Why would you need floating point arithmetic for anything? You can do all mathematical operations with fixed point just as well.
And using relative coordinates everywhere might not be practical either. I don't understand why you are defending using floating point for everything so hard? There are cases in which it is not a good choice.
Why would you need floating point arithmetic for anything?
So let's say you have your 128-bit integer coordinates and now you want to do something useful with them. Like interpret them as a 3D vector and multiply by a typical transformation matrix.
Now you have all these intermediate terms inside the matrix gaining and losing precision. Rotation elements are going to have a range of -1 to 1. Translation elements have a similar range as your input coordinate system. Scaling elements have an almost arbitrary range.

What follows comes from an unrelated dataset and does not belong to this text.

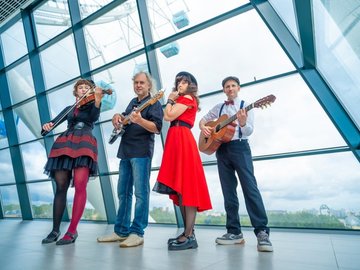 Парижские истории: лучшие французские песни от Piaf до Zaz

You can't use a general purpose matrix library any more. You have to track down every little multiplication and addition and analyze it for precision loss. Many will need to be converted to least fixed point numbers.

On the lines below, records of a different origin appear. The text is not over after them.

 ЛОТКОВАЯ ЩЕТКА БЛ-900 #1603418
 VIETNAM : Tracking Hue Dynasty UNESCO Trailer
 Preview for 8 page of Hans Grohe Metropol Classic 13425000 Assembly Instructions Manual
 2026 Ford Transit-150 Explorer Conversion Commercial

You can do all mathematical operations with fixed point just as well.
Some things are much much better, some things are much much worse.
For something like rotation, you're multiplying by -1.0 to 1.0. You might use 64.64 fixed point numbers for this, but then you've wasted half the bits of precision you paid for.
Floating-point certainly has a lot of potential for surprising behavior. But it usually allows you to get reasonable accuracy from a naive combination of basic operations.
And using relative coordinates everywhere might not be practical either. I don't understand why you are defending using floating point for everything so hard? There are cases in which it is not a good choice.